I was a little chatty under the meds - I think it was a valium injection.  The response I got was a curt, "No talking!"  Nothing less than I would expect from that bastard.  I had serious trust issues because the doctor performing the scope had supervised two of my friends' deaths in the previous few years (both liver issues).  I knew enough to realise that he could have done a lot better, and his procrastination prevented one of them being listed for transplant, but ultimately, they probably wouldn't have survived anyway.

Anyway, this isn't about my story, it's about yours:

A small amount of proofreading wouldn't go amiss, but it is quite minor.  "There" appeared rather a lot early on and it did grate a little.  Maybe try writing around it to vary word use?  You hit a pet peeve of mine with your use of 'laying' (I think it should be lying). Okay, I've just noticed the "theres" were in the intro rather than the piece itself, but intros are important too as they may determine whether someone continues reading.

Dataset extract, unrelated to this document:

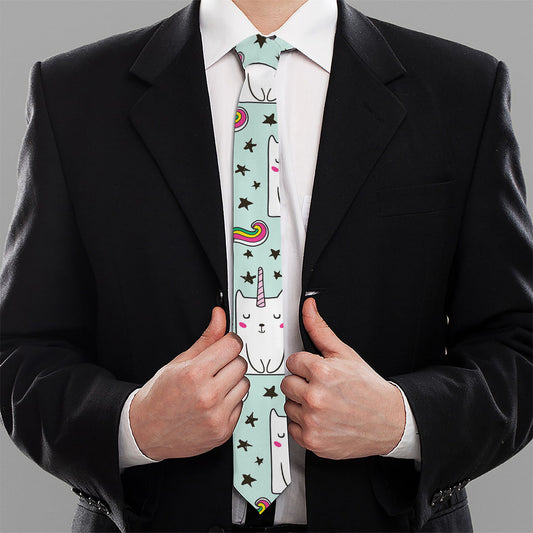 Cute Unicorn Cat Pattern Print Necktie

I did enjoy the description of the procedure, with all its yuk stuff made to sound like fun, and the humour shone through even outside the core joke.  Thoughts of pit stops and chicanes entered my head when reading about the bends inside you.

I found it entertaining to read.  Thank you.


----------



## kaminoshiyo (Dec 24, 2018)

This was funny, and you bore that with class 

I was a little disappointed I didn't get to find out what made the mules eyes cross, though.


----------



## Plasticweld (Dec 25, 2018)

kaminoshiyo said:


> This was funny, and you bore that with class
> 
> I was a little disappointed I didn't get to find out what made the mules eyes cross, though.



The answer to that is a whole other story and another joke :}


----------